Because your handler logic is completely decoupled from HTTP, it's trivially testable: just call the handler directly and assert the result. The endpoint layer is a thin, generated projection that you never maintain by hand.
Quick Start
Write a handler:
public class ProductHandler
{
public Task<Result<Product>> HandleAsync(CreateProduct command) { ... }
public Result<Product> Handle(GetProduct query) { ... }
public Result<List<Product>> Handle(GetProducts query) { ... }
public Task<Result<Product>> HandleAsync(UpdateProduct command) { ... }
public Task<Result> HandleAsync(DeleteProduct command) { ... }
}Map it in your startup:
var app = builder.Build();
app.MapMediatorEndpoints();
app.Run();That's it. You now have:
POST /api/products → CreateProduct
GET /api/products/{productId} → GetProduct
GET /api/products → GetProducts
PUT /api/products/{productId} → UpdateProduct
DELETE /api/products/{productId} → DeleteProductNo attributes required. The source generator infers everything from your message names and properties:
- HTTP method — from the message name prefix (
Get*→ GET,Create*→ POST,Update*→ PUT,Delete*→ DELETE, etc.) - Route — from the message name (minus the verb prefix), auto-pluralized to follow REST conventions, with message properties (names ending in
Idbecome route parameters) - Parameter binding — ID properties go in the route, other properties become query parameters (GET/DELETE) or body (POST/PUT/PATCH)
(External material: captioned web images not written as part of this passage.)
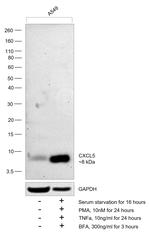 CXCL5 Antibody in Western Blot (WB)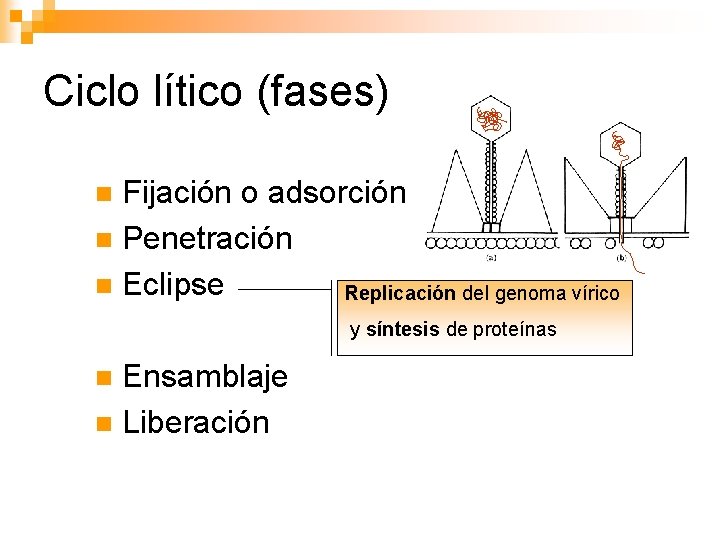 Ciclo lítico (fases) Fijación o adsorción n Penetración n Eclipse Replicación del genoma vírico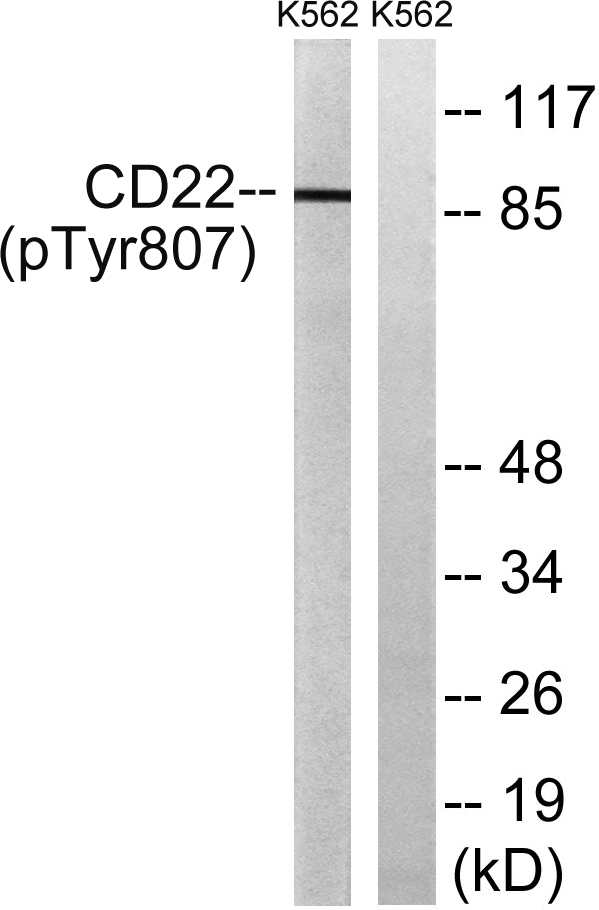 a01572y807 cd22 primary antibodies wb testing 2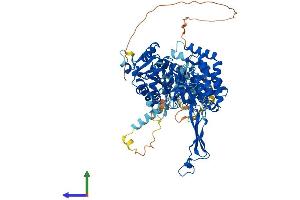 AlphaFold protein structure predicition of Human Recombinant ALDH18A1 Protein, UniprotID P54886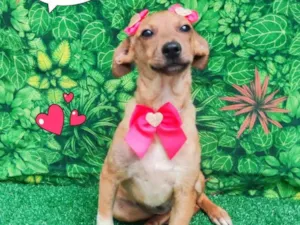 Cachorro raça SRD-ViraLata idade 2 a 6 meses nome Vilma 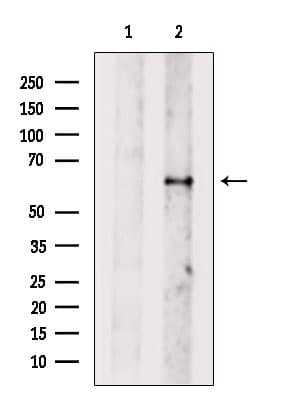 DNAJC11 Antibody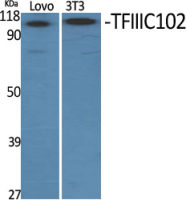 GTF3C3 antibody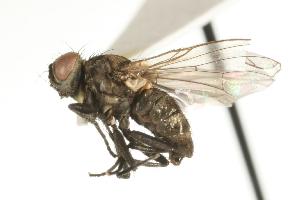  ( - CHU05-FLY-690)  @13 [ ] CreativeCommons - Attribution (2010) CBG Photography Group Centre for Biodiversity Genomics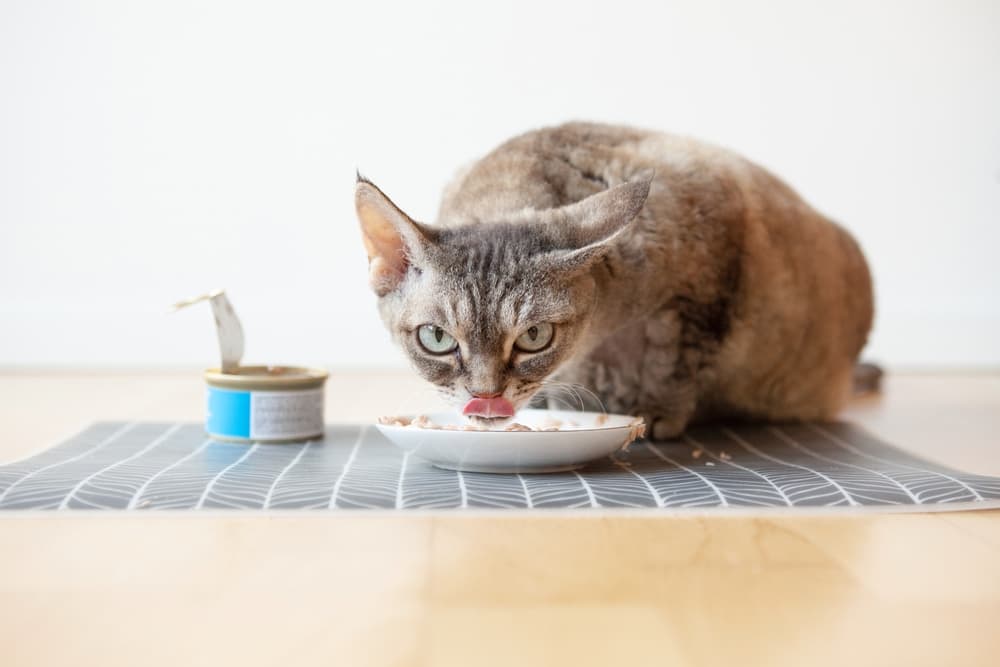 High-Protein Cat Food: 10 Best Options for 2024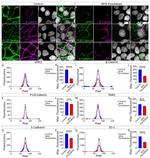 ZO-1 Antibody in Immunocytochemistry (ICC/IF)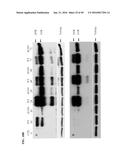 TUMOR-SELECTIVE E1A  AND E1B MUTANTS diagram and image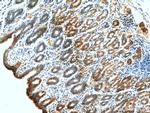 Gastrokine 1 Antibody in Immunohistochemistry (Paraffin) (IHC (P))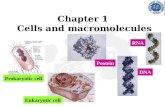 Chapter 1 Cells and macromolecules Prokaryotic cell Eukaryotic cell Protein DNA RNA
- OpenAPI metadata — operation names, status codes, and even error responses are auto-detected from your
Resultfactory calls - Result mapping —
Result<T>return values are automatically converted to the correct HTTP status codes
Why This Matters
This architecture gives you a loosely coupled, message-oriented application with close to zero boilerplate. Your handlers don't know they're behind HTTP — they receive a message and return a result. This means:
- Testing is trivial — handlers are plain methods with no framework code, so you can call them directly in a unit test. No mediator, no
HttpClient, no test server, no request serialization. - Transport-agnostic — the same handler works through HTTP endpoints, direct mediator calls, background jobs, or SignalR — the handler doesn't care.
- Always in sync — endpoints are generated from your handler code, so your API can never drift from your business logic.
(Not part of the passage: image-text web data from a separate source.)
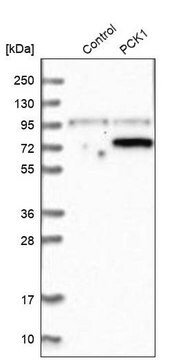 抗PCK1抗体 ウサギ宿主抗体 Ab2, Prestige Antibodies&#174; Powered by Atlas Antibodies, affinity isolated antibody, buffered aqueous glycerol solution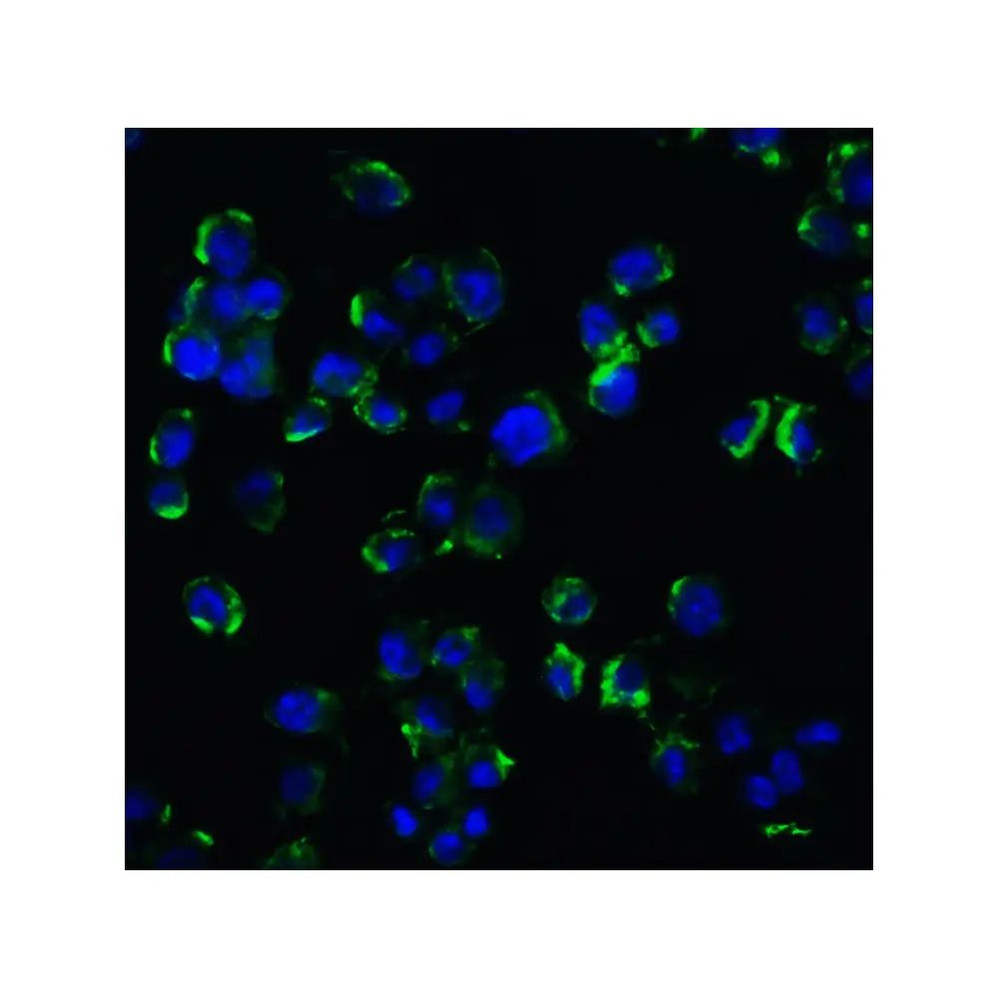 ProSci 3593 NGFR Antibody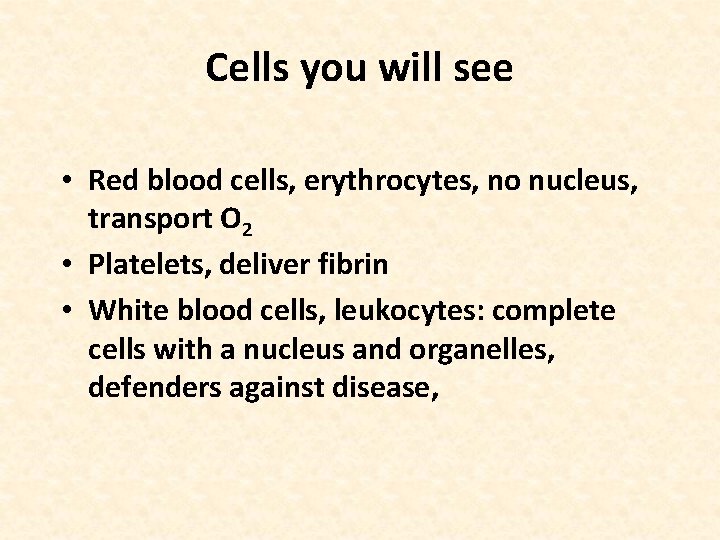 Cells you will see • Red blood cells, erythrocytes, no nucleus, transport O 2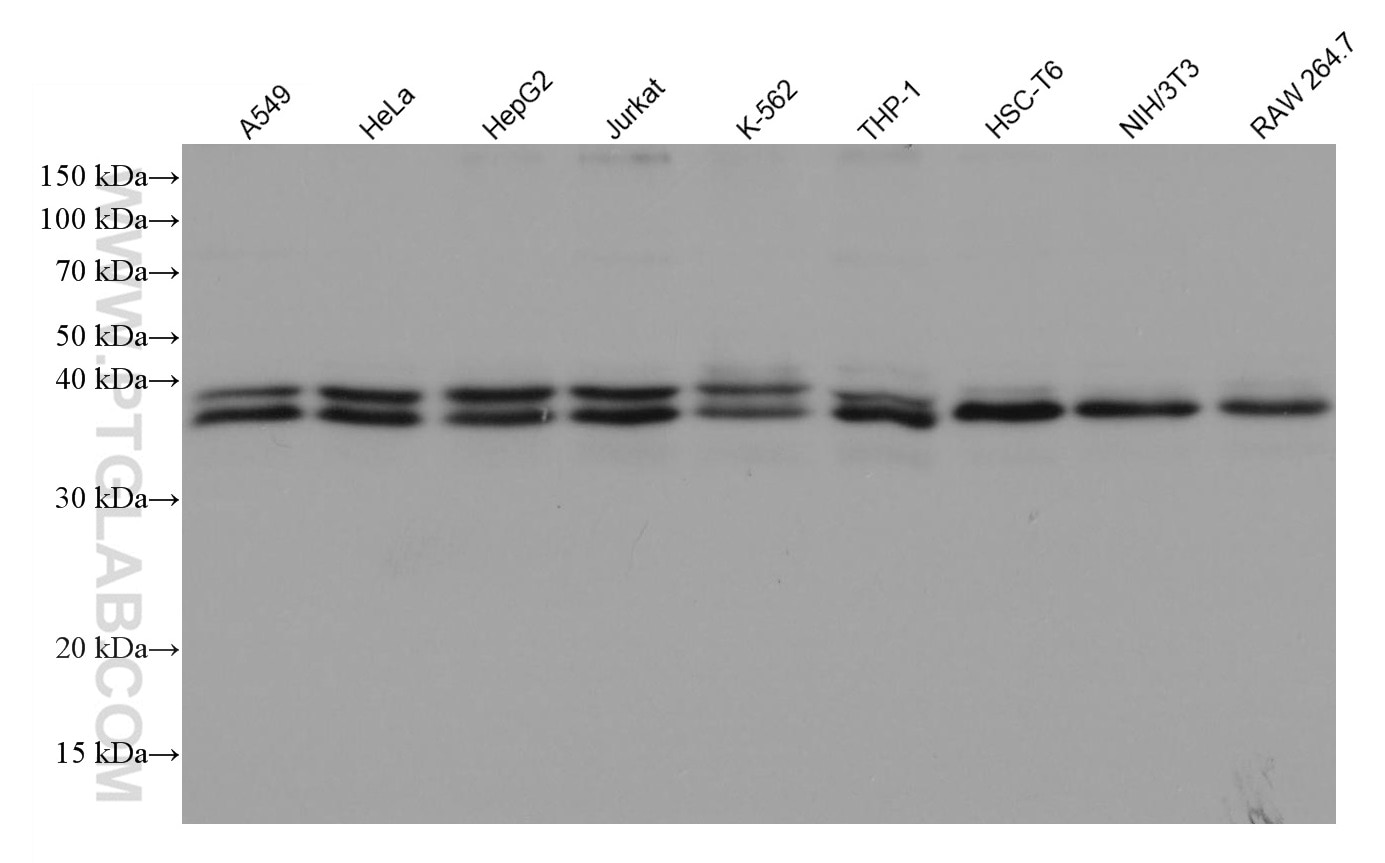 Western Blot (WB) analysis of various lysates using TIAR Monoclonal antibody (66907-1-Ig)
Streaming Endpoints & Server-Sent Events
Handlers that return IAsyncEnumerable<T> automatically become streaming HTTP endpoints. Combined with SubscribeAsync, you can push real-time domain events to the browser in just a few lines:
public record GetEventStream;
public record ClientEvent(string EventType, object Data);
public class EventStreamHandler(IMediator mediator)
{
[HandlerEndpoint(Streaming = EndpointStreaming.ServerSentEvents)]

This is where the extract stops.